Erano stati capaci di farlo, si corresse Sartes, perché a quel punto in un modo o nell’altro dovevano averlo fatto. Dovevano aver trovato un altro cancello, o un modo alternativo per accedere alla città, o no? Dovevano averlo fatto, perché qual era l’alternativa?
Sartes non voleva pensarci, ma era impossibile farne a meno. L’alternativa era che avessero potuto fallire. Nella migliore delle ipotesi potevano essersi accorti che non c’era modo di entrare senza prendere un cancello, e magari si erano trovati intrappolati lì mentre l’esercito avanzava. Al peggio… al peggio potevano essere già morti.
Sartes scosse la testa. Non poteva crederci. Ceres avrebbe di certo trovato un modo per superare tutto questo e vincere. Anka era più piena di risorse di chiunque altro lui avesse mai conosciuto. Suo padre era forte e solido, mentre gli altri ribelli avevano la determinazione che veniva loro dal sapere che la loro causa era giusta. Avrebbero trovato un modo per prevalere.
Sartes doveva pensare che ciò che gli stava accadendo era di certo temporaneo. I ribelli avrebbero vinto, il che significava che avrebbero catturato Stefania e lei avrebbe raccontato loro ciò che aveva fatto. Sarebbero venuti a cercarlo, proprio come avevano fatto suo padre e Anka quando si era trovato bloccato nel campo militare.

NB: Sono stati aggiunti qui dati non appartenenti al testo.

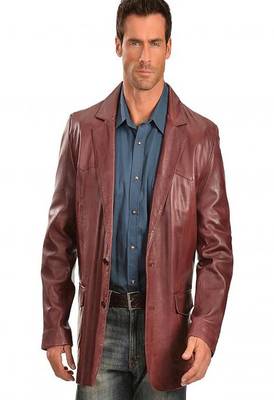 men's brown lambskin leather blazer jacket classic zip up style modern 1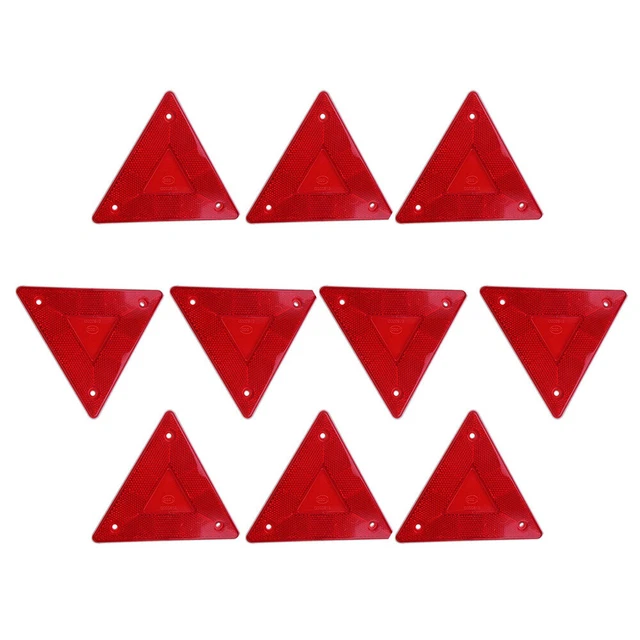 10 pz segnale di avvertimento triangolo veicoli in plastica triangoli riflettenti camion rosso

Ma in che razza di posto sarebbero dovuti venire. Sartes guardò fuori mentre il carro avanzava sussultando attraversando il paesaggio, e vide la piattezza dei dintorni che lasciava spazio a fosse e cumuli rocciosi, stagni ribollenti di nero e calore. Anche da dove si trovava poteva sentire l’odore acre e amaro del catrame.
C’erano delle persone che lavoravano in file. Sartes vide le catene che li tenevano legati tra loro a coppie mentre dragavano il catrame con dei secchi e lo raccoglievano in modo che altri potessero usarlo. Poteva vedere le guardie che stavano loro addosso con delle fruste, e proprio mentre guardava un uomo cadde per i colpi che riceveva. Le guardie lo liberarono dalle catene e lo spinsero a calci nella fossa di catrame più vicina. Il catrame ci mise molto a ingoiare le sue grida.

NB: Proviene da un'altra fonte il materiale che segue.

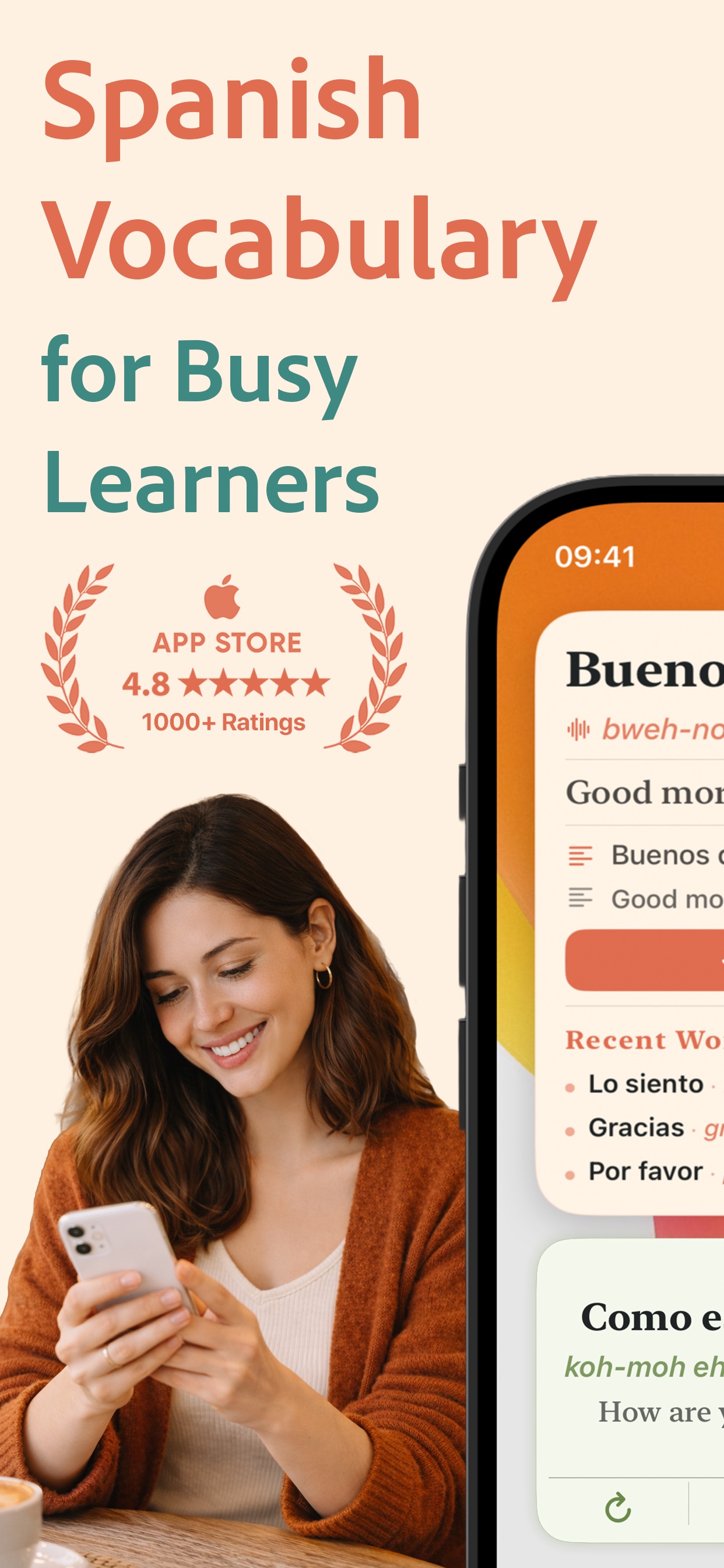 Vocabito app home screen widget showing Spanish word of the day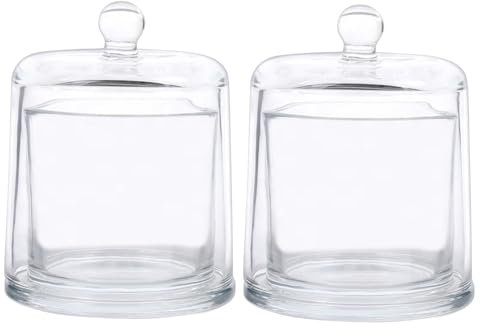 Mafagwre Lot De 2 Bougeoirs en Verre avec Dôme, pour Bougies Chauffe-Plat, Bougeoir, Coupe à Bougie avec Cloche pour Fêtes, Mariages (Transparent)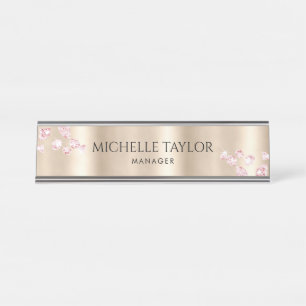 Moderne Berufliche Rose Gold Sparkasse Schreibtischnamensplakette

Sartes allora avrebbe voluto distogliere lo sguardo, ma non poteva. Non poteva levare gli occhi dall’orrore di tutto questo. Dalle gabbie a cielo aperto che erano ovviamente le dimore dei prigionieri. Dalle guardie che li minacciavano come non fossero niente più che animali.
Guardò fino a che il carro non si fermò e i soldati lo aprirono con le armi in una mano e le catene nell’altra.

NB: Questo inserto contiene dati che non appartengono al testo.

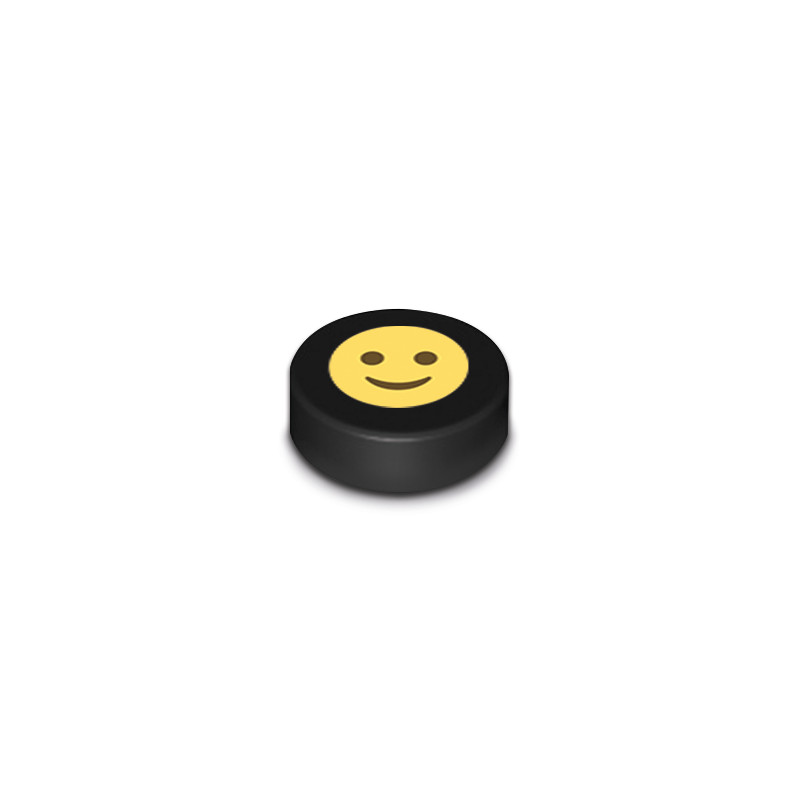 Emoji „Smile“ gedruckt auf Lego® Stein 1x1 rund – Schwarz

“Prigionieri fuori,” gridò uno di essi. “Fuori o daremo fuoco al carro con voi dentro, schifosi!”
Sartes strisciò fuori alla luce insieme agli altri e poté osservare il pieno orrore della situazione. I fumi di quel posto erano quasi travolgenti. Le fosse di catrame attorno a loro ribollivano in strane e imprevedibili combinazioni. Addirittura mentre lui guardava, un pezzo di terreno vicino a una delle fosse cedette cadendo nel catrame.
“Queste sono le fosse del catrame,” annunciò il soldato che aveva parlato. “Non preoccupatevi di abituarvici. Sarete morti ben prima che ciò accada.”
La parte peggiore, sospettòSartes mentre gli fissavano un anello alla caviglia, era che poteva anche darsi che avessero ragione.